_Extracted material_.
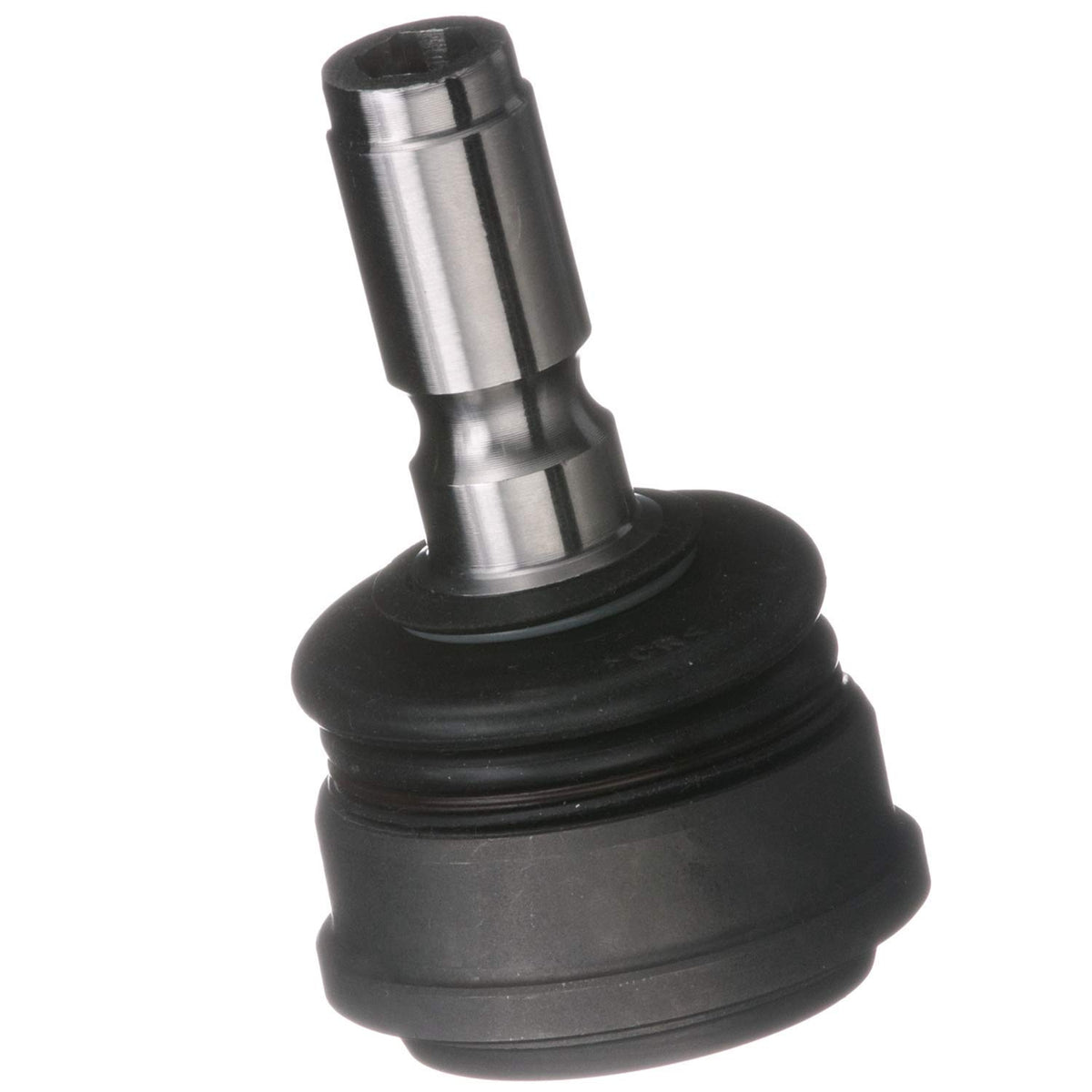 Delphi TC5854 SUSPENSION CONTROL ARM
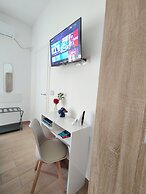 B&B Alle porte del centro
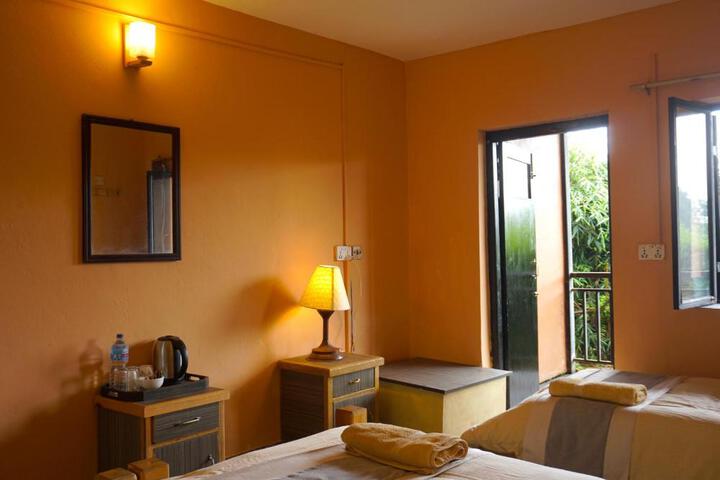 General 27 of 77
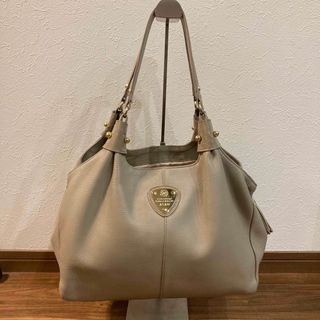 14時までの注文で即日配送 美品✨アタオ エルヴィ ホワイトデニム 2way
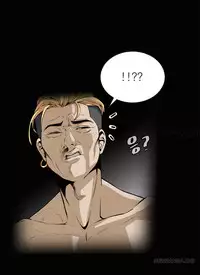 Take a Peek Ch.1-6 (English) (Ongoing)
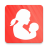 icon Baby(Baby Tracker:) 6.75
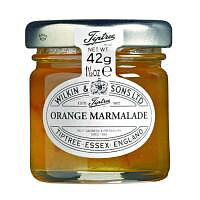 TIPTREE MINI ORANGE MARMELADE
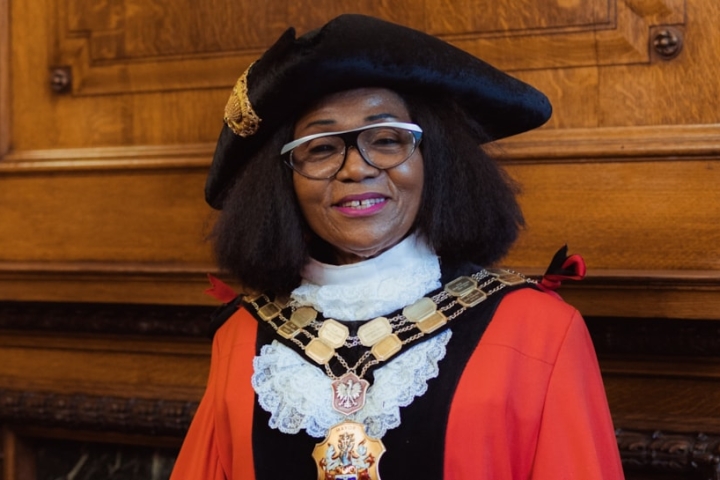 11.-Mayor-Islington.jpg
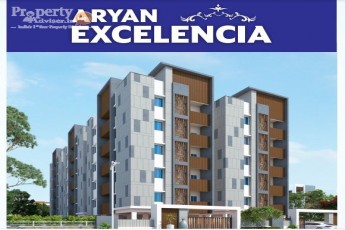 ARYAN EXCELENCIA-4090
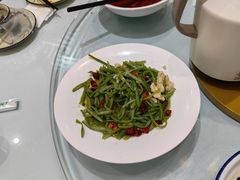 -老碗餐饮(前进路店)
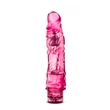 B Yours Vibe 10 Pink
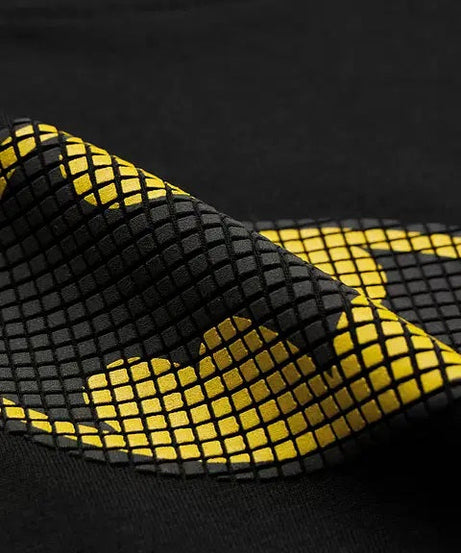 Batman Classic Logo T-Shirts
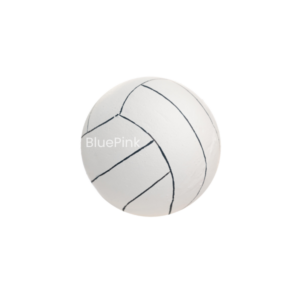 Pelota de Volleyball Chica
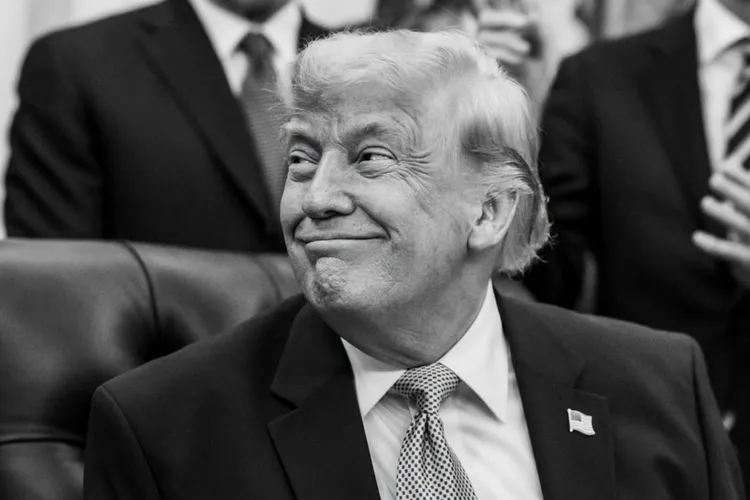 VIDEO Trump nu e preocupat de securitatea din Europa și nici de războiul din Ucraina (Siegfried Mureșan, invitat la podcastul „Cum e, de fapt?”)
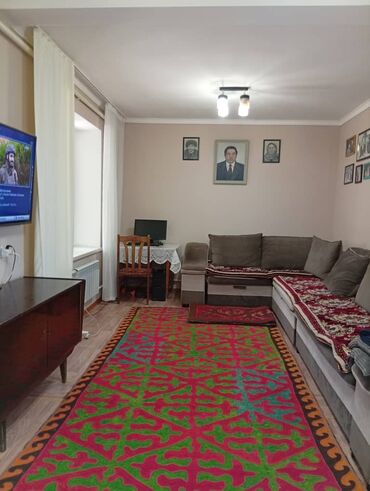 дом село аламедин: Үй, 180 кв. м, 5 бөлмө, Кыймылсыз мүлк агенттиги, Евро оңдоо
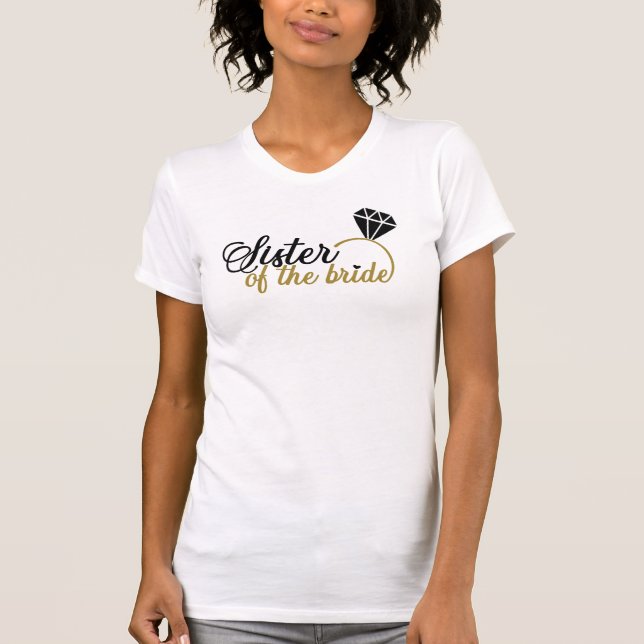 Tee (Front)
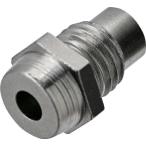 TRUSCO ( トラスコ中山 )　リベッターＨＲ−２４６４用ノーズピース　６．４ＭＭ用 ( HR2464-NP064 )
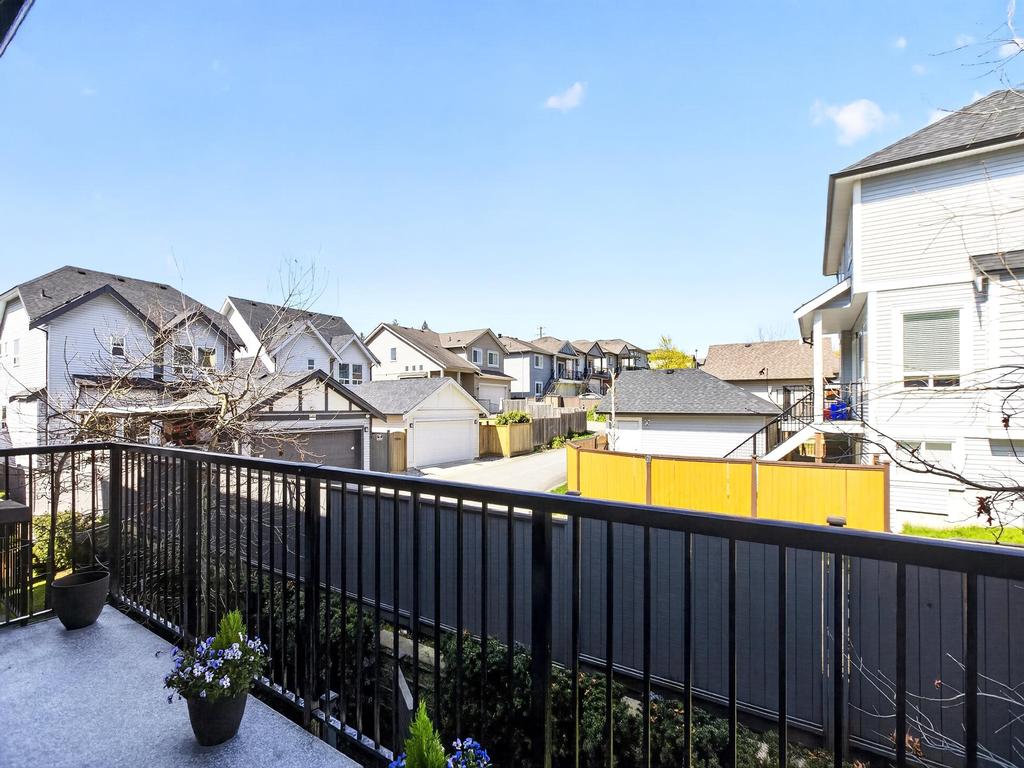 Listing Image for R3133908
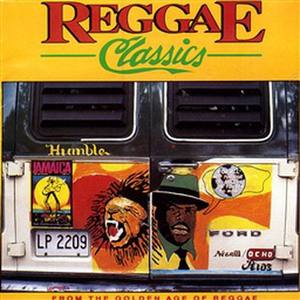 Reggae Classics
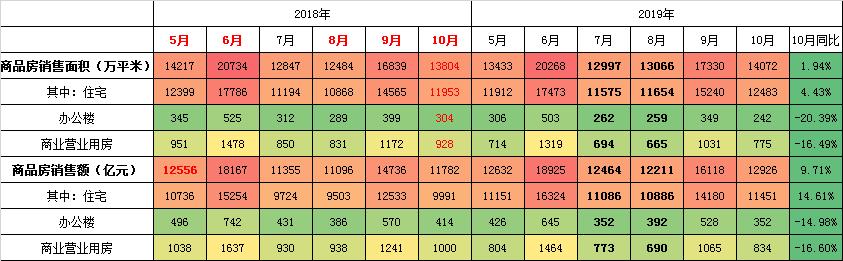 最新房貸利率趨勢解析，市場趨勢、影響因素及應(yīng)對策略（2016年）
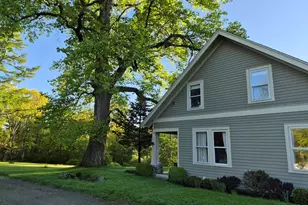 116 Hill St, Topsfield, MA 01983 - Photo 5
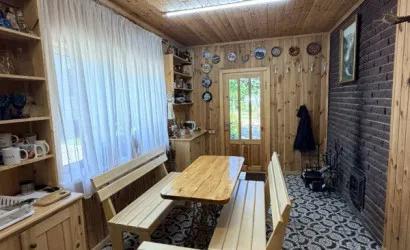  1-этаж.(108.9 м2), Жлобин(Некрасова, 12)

_Action item_.
Your reply should hold only the lines running from the one with "B Yours Vibe 10 Pink" to the end of the data above, set down exactly, pictures omitted.

_Problem solution_.
 B Yours Vibe 10 Pink
 Batman Classic Logo T-Shirts
 Pelota de Volleyball Chica
 VIDEO Trump nu e preocupat de securitatea din Europa și nici de războiul din Ucraina (Siegfried Mureșan, invitat la podcastul „Cum e, de fapt?”)
 дом село аламедин: Үй, 180 кв. м, 5 бөлмө, Кыймылсыз мүлк агенттиги, Евро оңдоо
 Tee (Front)
 TRUSCO ( トラスコ中山 )　リベッターＨＲ−２４６４用ノーズピース　６．４ＭＭ用 ( HR2464-NP064 )
 Listing Image for R3133908
 Reggae Classics
 最新房貸利率趨勢解析，市場趨勢、影響因素及應(yīng)對策略（2016年）
 116 Hill St, Topsfield, MA 01983 - Photo 5
  1-этаж.(108.9 м2), Жлобин(Некрасова, 12)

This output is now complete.